Два пальца правой руки женщины были забинтованы и обработаны зелёнкой. Гадаев подумал, что по пути домой она осознала, что натворила и обрушила свой гнев об стену в коридоре. Он инстинктивно сжал кулак, затем поднял полупрозрачную крышку белоснежной посуды квадратной формы. В ней находились картофельное пюре и жареная печень. Он положил себе в рот кубик тёмно-коричневого цвета и сказал:
– Вкусно, но ты больше не ходи сюда с посудой. Всё по той же самой причине.
– Не очень поняла?!
– В некотором роде мы стали неприятелями, и есть из твоих рук неправильно, как и часто видеться. Другое дело, если обойдётся без последствий. Вчера я ел с удовольствием, а сегодня чувство такое, что встанет поперек горла.
– В корне не согласна, что нам следует избегать друг друга, и с едой ты не привередничай. Я безо всяких условностей бы накормила тебя. Мне часто хочется поделиться обедом, но происходит это, считай, впервые.

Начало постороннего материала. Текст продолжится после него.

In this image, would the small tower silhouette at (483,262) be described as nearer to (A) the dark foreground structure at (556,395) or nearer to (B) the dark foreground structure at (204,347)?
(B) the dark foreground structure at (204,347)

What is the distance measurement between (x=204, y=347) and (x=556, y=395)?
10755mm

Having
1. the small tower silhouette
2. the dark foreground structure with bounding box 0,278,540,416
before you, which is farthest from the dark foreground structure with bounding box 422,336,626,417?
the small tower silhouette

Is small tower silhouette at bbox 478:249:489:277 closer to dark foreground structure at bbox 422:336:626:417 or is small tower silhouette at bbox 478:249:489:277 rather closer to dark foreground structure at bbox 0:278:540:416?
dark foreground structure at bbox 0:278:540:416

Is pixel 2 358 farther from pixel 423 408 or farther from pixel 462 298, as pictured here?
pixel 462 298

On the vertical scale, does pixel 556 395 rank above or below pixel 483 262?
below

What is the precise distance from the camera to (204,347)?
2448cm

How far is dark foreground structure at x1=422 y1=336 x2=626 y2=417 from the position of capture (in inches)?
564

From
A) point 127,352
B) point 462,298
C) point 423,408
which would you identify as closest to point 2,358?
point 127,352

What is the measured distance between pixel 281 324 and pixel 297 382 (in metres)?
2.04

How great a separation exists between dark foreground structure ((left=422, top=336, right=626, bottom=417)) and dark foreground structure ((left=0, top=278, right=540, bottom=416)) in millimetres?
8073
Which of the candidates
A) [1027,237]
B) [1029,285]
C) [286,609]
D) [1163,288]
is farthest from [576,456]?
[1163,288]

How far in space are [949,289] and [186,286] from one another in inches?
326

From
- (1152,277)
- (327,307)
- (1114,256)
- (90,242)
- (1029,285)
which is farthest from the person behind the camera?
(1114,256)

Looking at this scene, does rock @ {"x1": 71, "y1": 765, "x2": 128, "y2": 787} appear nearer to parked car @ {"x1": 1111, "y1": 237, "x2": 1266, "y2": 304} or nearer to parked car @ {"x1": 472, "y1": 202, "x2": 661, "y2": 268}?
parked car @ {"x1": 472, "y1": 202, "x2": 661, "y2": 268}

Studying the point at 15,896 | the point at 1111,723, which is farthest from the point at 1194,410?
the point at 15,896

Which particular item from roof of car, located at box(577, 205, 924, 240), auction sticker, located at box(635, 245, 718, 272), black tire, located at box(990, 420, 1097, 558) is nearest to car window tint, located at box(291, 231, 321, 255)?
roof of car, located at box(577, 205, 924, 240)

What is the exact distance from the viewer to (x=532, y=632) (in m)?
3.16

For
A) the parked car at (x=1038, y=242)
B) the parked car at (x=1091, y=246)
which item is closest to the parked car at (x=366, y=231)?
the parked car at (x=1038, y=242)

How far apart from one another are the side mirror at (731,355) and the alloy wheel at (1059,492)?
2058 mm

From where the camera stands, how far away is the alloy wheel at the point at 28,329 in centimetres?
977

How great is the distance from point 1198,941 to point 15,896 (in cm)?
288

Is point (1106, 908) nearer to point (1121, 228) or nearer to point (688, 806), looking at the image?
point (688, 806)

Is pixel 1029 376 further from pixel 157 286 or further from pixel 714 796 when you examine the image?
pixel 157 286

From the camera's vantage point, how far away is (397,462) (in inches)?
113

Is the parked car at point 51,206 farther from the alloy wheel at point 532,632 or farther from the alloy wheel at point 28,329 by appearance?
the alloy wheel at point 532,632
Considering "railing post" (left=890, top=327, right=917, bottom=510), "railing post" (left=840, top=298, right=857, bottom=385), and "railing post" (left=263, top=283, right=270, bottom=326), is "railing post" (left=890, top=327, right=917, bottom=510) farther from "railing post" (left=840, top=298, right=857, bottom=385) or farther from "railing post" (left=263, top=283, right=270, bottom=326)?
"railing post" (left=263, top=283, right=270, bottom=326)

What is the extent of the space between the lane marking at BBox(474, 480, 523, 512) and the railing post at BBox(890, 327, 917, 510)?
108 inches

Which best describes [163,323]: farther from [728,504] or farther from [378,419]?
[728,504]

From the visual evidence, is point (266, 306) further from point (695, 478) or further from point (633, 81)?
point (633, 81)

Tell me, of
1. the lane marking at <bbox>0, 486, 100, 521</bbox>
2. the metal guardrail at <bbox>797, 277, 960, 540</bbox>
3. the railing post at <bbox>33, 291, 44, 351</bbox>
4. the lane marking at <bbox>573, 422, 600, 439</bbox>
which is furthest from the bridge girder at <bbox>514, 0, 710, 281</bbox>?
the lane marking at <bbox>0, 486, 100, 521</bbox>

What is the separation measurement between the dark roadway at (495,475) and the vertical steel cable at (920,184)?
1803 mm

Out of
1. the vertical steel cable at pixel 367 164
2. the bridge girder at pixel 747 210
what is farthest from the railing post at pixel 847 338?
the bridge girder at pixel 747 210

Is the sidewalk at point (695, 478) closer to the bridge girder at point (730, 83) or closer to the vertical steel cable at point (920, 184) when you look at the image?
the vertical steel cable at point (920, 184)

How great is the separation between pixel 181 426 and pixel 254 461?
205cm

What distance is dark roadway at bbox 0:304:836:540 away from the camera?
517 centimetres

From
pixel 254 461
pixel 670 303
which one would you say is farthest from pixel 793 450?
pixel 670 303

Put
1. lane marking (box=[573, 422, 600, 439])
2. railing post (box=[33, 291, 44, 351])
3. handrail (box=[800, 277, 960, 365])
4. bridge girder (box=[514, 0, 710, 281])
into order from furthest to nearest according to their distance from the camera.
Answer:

Кого здесь попросишь отведать?
Радушие женщины плохо сочеталось с её обличием, Гадаев поднял на неё глаза, а она свои отвела. Он продолжал считать, что поступил по-предательски и со своей изобретательностью заслуживает порицания. Понять было нетрудно, что произошедшее отпустит его тогда, когда она предпримет шаги, которые ему не понравятся. О чём вести диалог было ясно, но начать затруднялся.
– За ребёнком собралась?
– Время ещё есть, – сказала она. – Пережить можно и не такое, главное по итогу не почувствовать себя оплёванной.
– Выходит, что ты прямо всё поставила на эту авантюру. Понять не могу, что именно стоит за этим. Сомневаюсь, что цель оправдает средства.